Istanbul se couvre d’une neige abondante. Elle efface les pas de Galip comme le temps gomme ses souvenirs. Et ses souvenirs, il les fouille, il les ressasse, surtout ceux de sa vie de couple, interrompue brutalement, le jour où Ruya a disparu. Un départ plutôt qu’une disparition, comme les dix-neuf mots qu’elle a laissés - pas un de plus, pas un de moins - portent à le croire. Il n’y a là rien qui soit de nature à l’éclairer sur les raisons qui ont motivé son acte. Le mystère est complet et l’énigme reste entière à l’image du portrait imprécis que ses souvenirs s’efforcent de dresser de sa compagne.

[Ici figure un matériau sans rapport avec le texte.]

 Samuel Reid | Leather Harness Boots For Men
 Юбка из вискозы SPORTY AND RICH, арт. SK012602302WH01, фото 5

Elle parlait peu, vivait recluse dans leur petit appartement, lisait avidement des romans policiers mais il n’y avait rien qui permît vraiment de l’assimiler à une femme au foyer, « cette créature entourée d’enfants et de détergents ».
Galip se lance toutefois dans des recherches pour la retrouver ainsi que son cousin Djélâl qui semble s’être volatilisé lui aussi. La coïncidence prête à toutes les suppositions.

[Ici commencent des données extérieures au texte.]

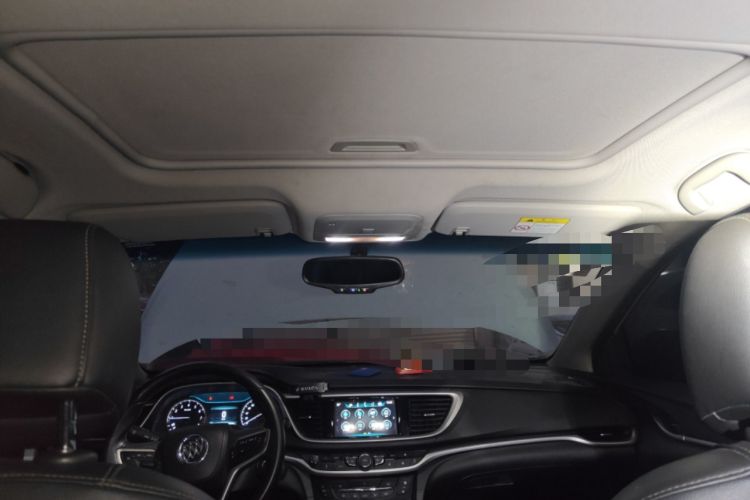 Used Buick GT 2019 18T Automatic Connected Elite Model China VI Standard Headliner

Ce journaliste anticonformiste tenait avec succès une rubrique originale dans un grand quotidien de la capitale. Il avait l’habitude de dissimuler ses diverses adresses et de multiplier les numéros de téléphone, ce qui passait pour une fantaisie aux yeux de ses collègues et de ses lecteurs.

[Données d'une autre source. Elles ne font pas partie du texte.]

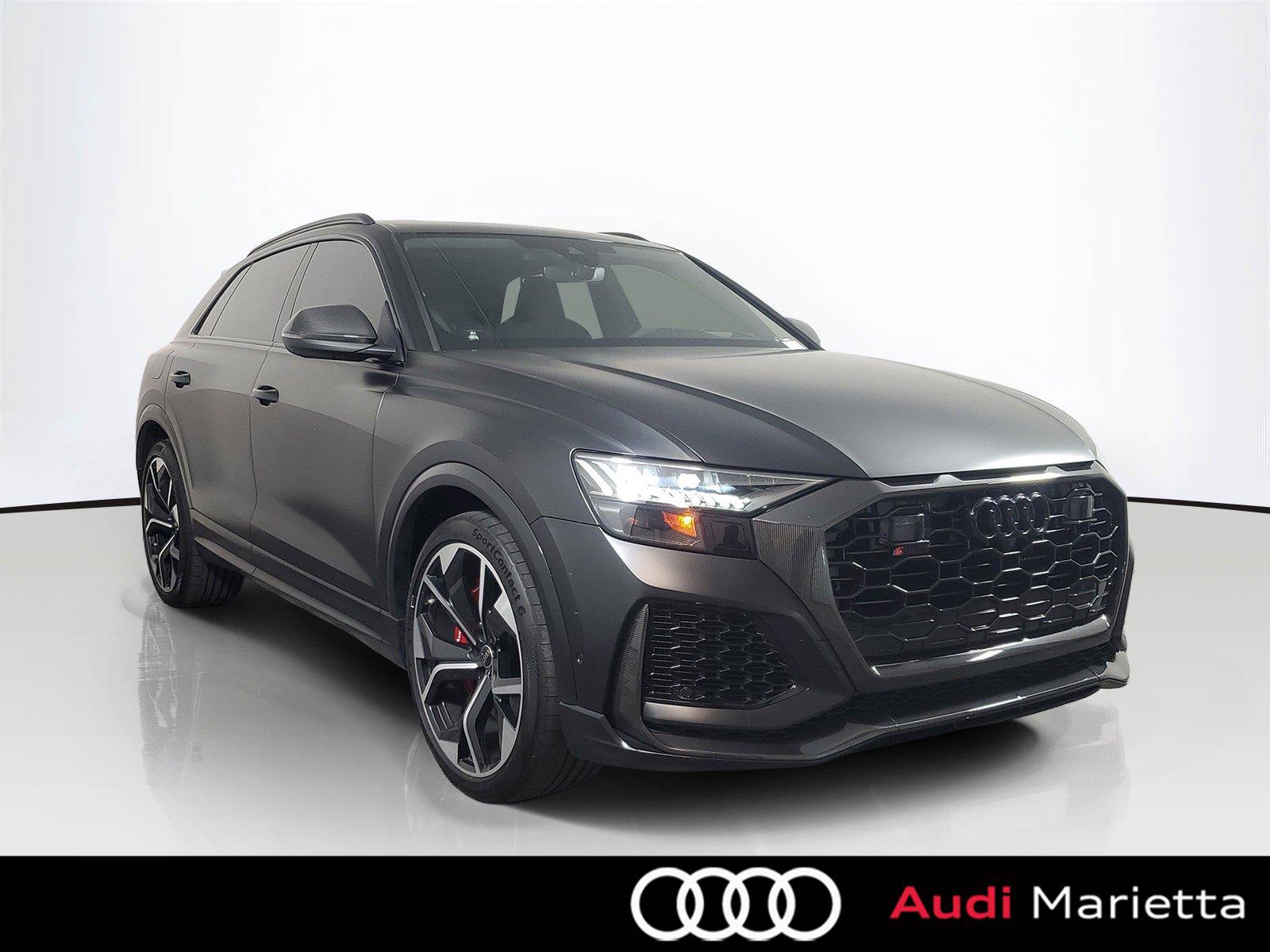 Used 2023 Audi RS Q8 w/ Black Optic Package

Cela n’est évidemment pas de nature à le rassurer et encore moins à faciliter sa quête. Galip se replonge dans les lectures des articles, y cherchant des indices. L’investigation promet d’être longue, délicate tant les pistes semblent être brouillées, tant la ville d’Istanbul apparaît labyrinthique, tant les questions sur sa vie et sur son couple sont nombreuses. Quelle qu’en soit l’issue, un désir surpasse tous les autres…, celui de comprendre…

Commentaire

Dès les premières pages, Le livre noir a toutes les apparences de la romance ou de la saga familiale puis, rapidement, le lecteur a l’impression de s’engager dans un roman d’aventures, d’un type bien singulier cependant. Les événements et les péripéties qui se succèdent sont davantage le fruit de l’imagination du protagoniste, un jeune avocat délaissé par sa compagne, qui cherche en priorité, en lui-même et dans son passé, les raisons de cette énigmatique disparition. En outre, la douloureuse errance à travers une Istanbul mystérieuse et fantomatique ont peu de choses en commun avec les longues chevauchées dans d’immenses espaces auxquels les maîtres du genre ont habitué leurs lecteurs.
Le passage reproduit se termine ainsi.